Genitori confusi, a dir poco, nella “gestione Covid” dei figli. La storia in questione si è verificata in una scuola della vallata del Tronto. A raccontarla è il papà della bambina, stimato professionista in campo medico, che si è trovato davanti ad una situazione poco piacevole, simbolo delle difficoltà e del disorientamento che riguarda tantissime famiglie alle prese con la positività dei propri bimbi.

«Mia figlia ha avuto il Covid, si è negativizzata dieci giorni or sono (con tanto di tampone negativo), ha il green pass, è in regola e può vivere la sua vita in maniera normale in base alla situazione attuale -spiega il genitore-. Qualche giorno fa nella sua classe si è registrata l’ennesima positività di un compagno di classe. C’è una legge che riguarda, in maniera assurda, solo le elementari e non medie e superiori: dice che con un caso positivo in classe si può rientrare a scuola dopo avere effettuato un tampone e dopo che questo abbia dato esito negativo. Ora, alla prospettiva di tornare per l’ennesima volta davanti ad una farmacia, alle 7 di mattina, in fila al freddo insieme ad altre decine di persone potenzialmente positive, ho detto no: non la ritengo una cosa educativa nei confronti della bambina che dovrebbe crescere in maniera molto più tranquilla e non come in un lebbrosario».
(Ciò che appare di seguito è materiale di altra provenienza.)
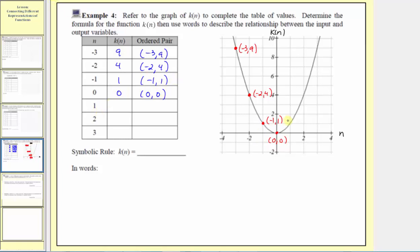The next input is positive one. Here's where we have an input of one going up to the function. The input is one and the output is one, so the ordered pair is one comma one. The next input is two. At that point, the input is two and the output is positive four, so the ordered pair is two comma four.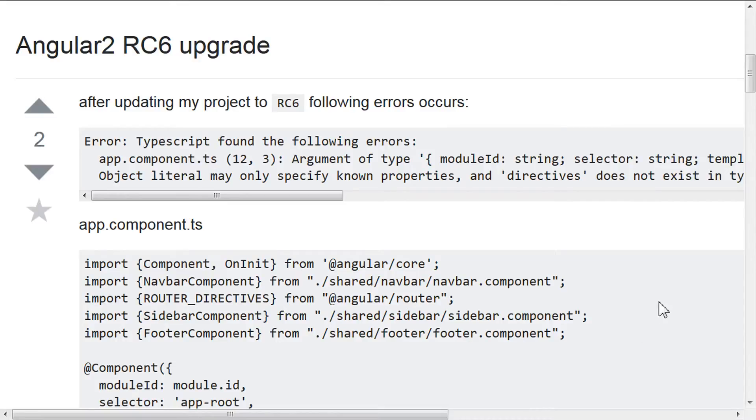It is September 8th, 2016 and welcome to this episode of Code Evolution. So I wanted to share with you this error that I had when I was upgrading Angular 2 to RC6.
E allora il papà tira dritto per la sua strada: tutti parlano, tutti si lamentano. Ma nessuno fa mai nulla per dimostrare che (più di) qualcosa non funziona come dovrebbe.

«L’indomani ho portato lo stesso mia figlia a scuola, dicendo alla preside che però era senza tampone -continua-. Aveva diritto di entrare, perché c’è una legge che dice che se sei immunizzato sei tenuto solo all’auto sorveglianza e non a farti il tampone. Paradossalmente mia figlia potrebbe entrare dentro a una Rsa però non può andare a scuola, difatti mi sono dovuto imporre perché non volevano ammetterla. Alla fine, dopo diverse insistenze, è entrata, ma poco dopo è arrivata una telefonata da parte dei carabinieri, i quali hanno addirittura minacciato di farmi una relazione al tribunale dei minori».

Solfa simile, per non dire peggiore, il giorno successivo.

«Si è ripresentato il problema con tanto di pattuglia fuori dalla scuola ad aspettarci -commenta amaro il papà-. Io però sono rimasto della mia idea: niente tampone, non voglio crescere mia figlia secondo questi schemi da folli ipocondriaci, la bambina prima di tutto ha un diritto costituzionale che è quello all’istruzione e non esiste che questo venga soppresso da un tampone. Allora valga per tutti, aggiungo. E invece per la stessa legge mia figlia e i suoi coetanei dovrebbero farlo, mentre i maestri non devono. Trovo tutto questo di una incoerenza assoluta. Il bello è che erano quasi tutti d’accordo con me, carabinieri e preside compresa: “Però queste sono le regole”, mi hanno risposto».

Immaginate la scena: la bambina ad attendere da sola, nel corridoio, di poter entrare in aula, mentre poco lontano tre carabinieri, professori e dirigente a discutere col padre. Da film. Magari fosse.

«Alla fine ho dovuto cedere, ho ripreso mia figlia e ce ne siamo andati -è la conclusione-. Trovo a dir poco surreale che siano stati scomodati tre carabinieri per impedire a una bambina, tra l’altro, ripeto, immunizzata, di accedere ad un diritto primario come l’istruzione. In ospedale sì, a scuola no. Io non ce l’ho con nessuno, né col preside né con le forze dell’ordine, ma ditemi se tutto ciò non è allucinante. E nessuno ne parla. Questi bambini hanno già perso tanto a livello di rapporti umani e aggregazione, così stiamo solo peggiorando le cose creando loro ulteriore disagio. Sembra di vivere in una psicosi collettiva, con tanti genitori che non ce la fanno più ma con nessuno che prova a far valere un po’ di ragione»

Per i più curiosi: alla fine dei giochi la classe è tornata in Dad, quindi per ora niente rientro in presenza. Ma quando finirà la didattica a distanza? Tampone per tutti, ça va sans dire.